* **Listed records**:

======

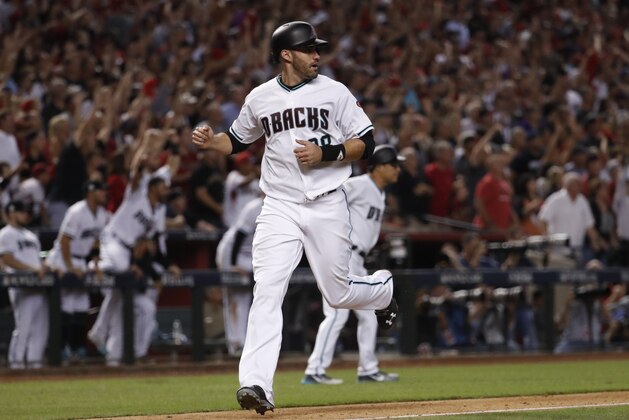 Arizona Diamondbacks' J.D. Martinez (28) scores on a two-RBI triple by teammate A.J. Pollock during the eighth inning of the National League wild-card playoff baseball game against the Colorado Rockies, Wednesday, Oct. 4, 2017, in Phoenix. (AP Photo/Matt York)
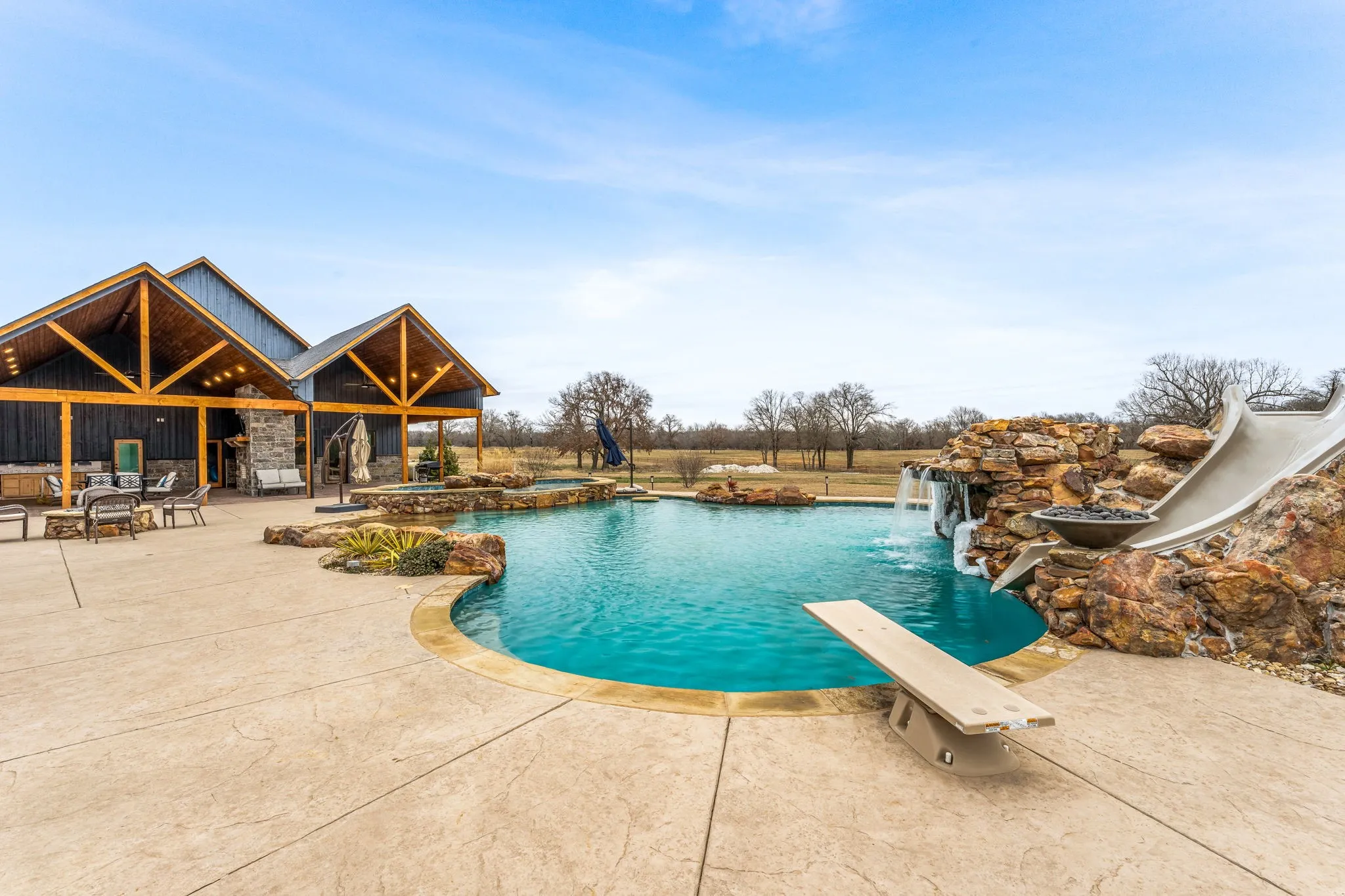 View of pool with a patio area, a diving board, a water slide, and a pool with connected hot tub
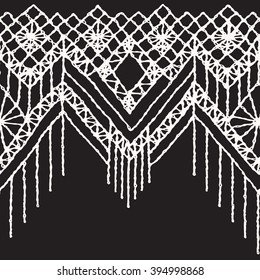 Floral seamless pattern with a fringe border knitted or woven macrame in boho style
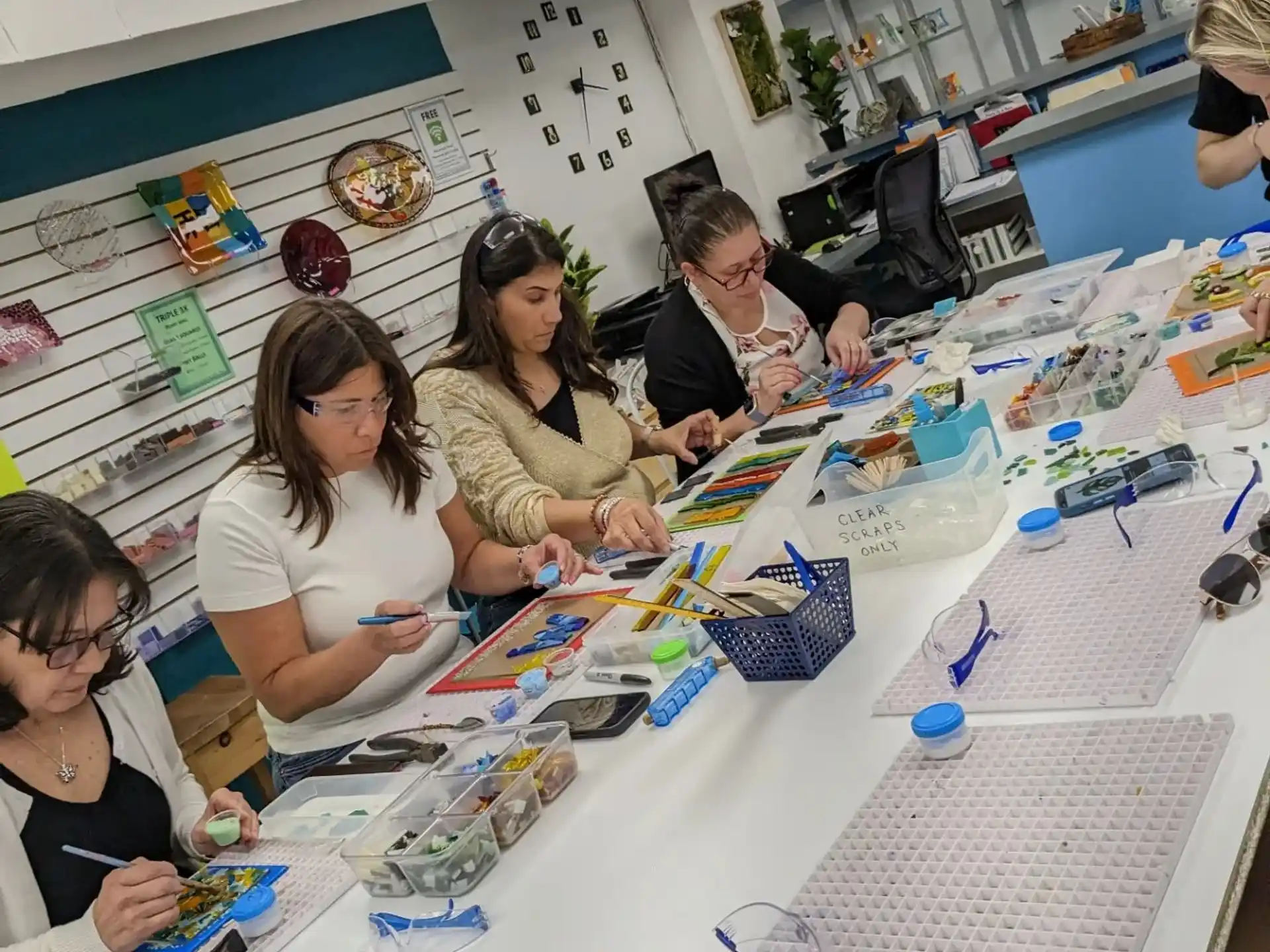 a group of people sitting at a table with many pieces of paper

======

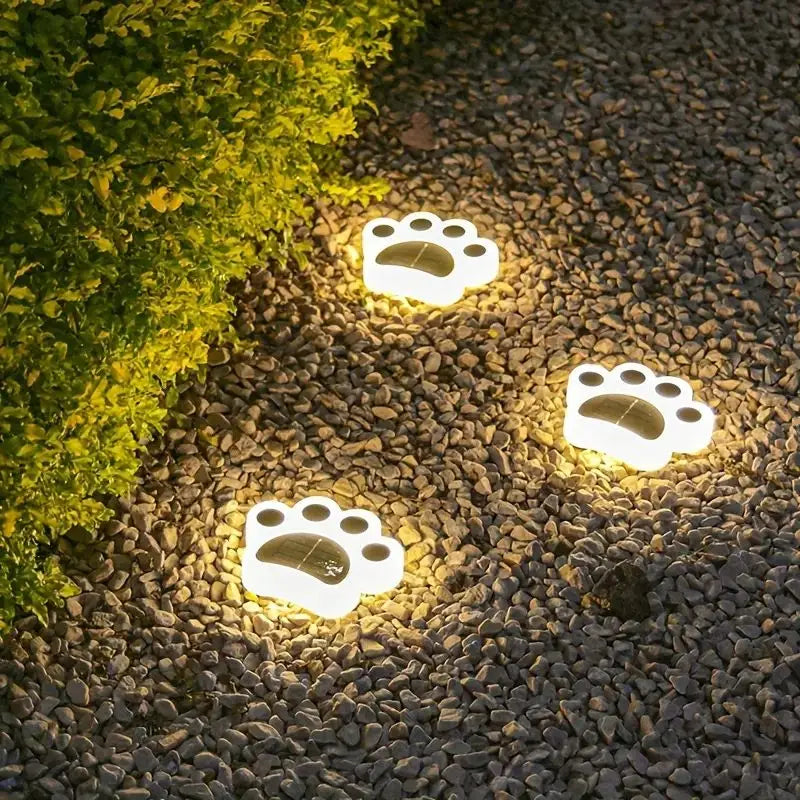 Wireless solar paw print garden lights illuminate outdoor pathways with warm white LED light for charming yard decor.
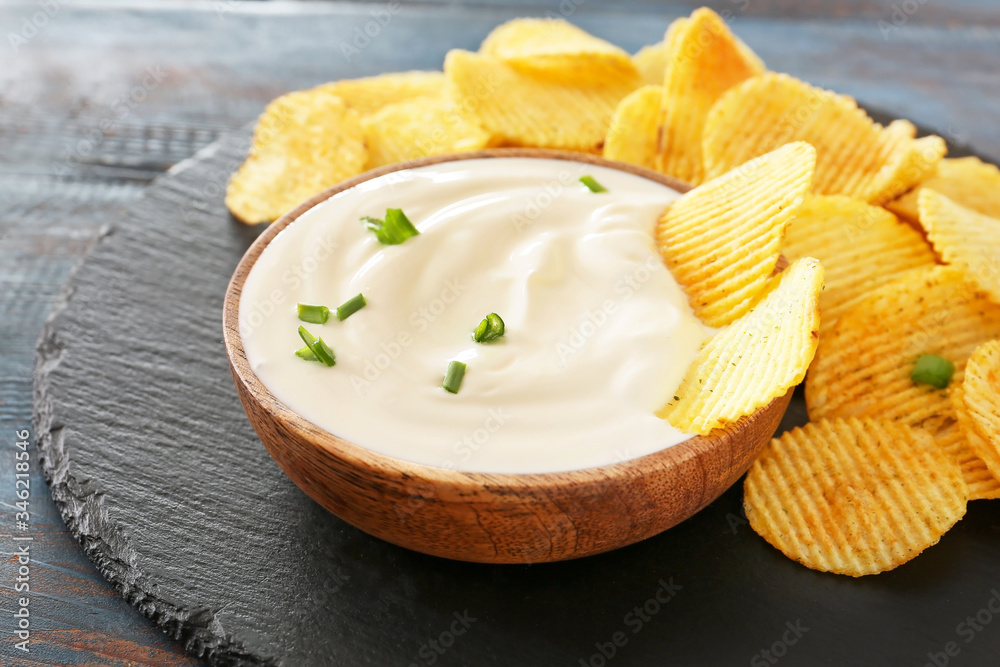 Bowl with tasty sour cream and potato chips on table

======

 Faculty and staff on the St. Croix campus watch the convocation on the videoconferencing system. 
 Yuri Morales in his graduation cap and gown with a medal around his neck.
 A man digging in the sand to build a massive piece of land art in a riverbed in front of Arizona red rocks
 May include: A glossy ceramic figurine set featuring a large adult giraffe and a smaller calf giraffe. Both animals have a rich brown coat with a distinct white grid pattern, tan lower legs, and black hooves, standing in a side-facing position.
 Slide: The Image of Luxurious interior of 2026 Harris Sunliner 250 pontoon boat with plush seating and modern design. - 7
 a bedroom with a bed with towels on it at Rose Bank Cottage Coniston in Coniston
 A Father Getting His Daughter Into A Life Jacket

======

* **Work task**: Restate the lines above from the one containing "Arizona Diamondbacks' J.D." through the one containing "View of pool", inclusive, exactly and without pictures.

* **Solution to this problem**:
 Arizona Diamondbacks' J.D. Martinez (28) scores on a two-RBI triple by teammate A.J. Pollock during the eighth inning of the National League wild-card playoff baseball game against the Colorado Rockies, Wednesday, Oct. 4, 2017, in Phoenix. (AP Photo/Matt York)
 View of pool with a patio area, a diving board, a water slide, and a pool with connected hot tub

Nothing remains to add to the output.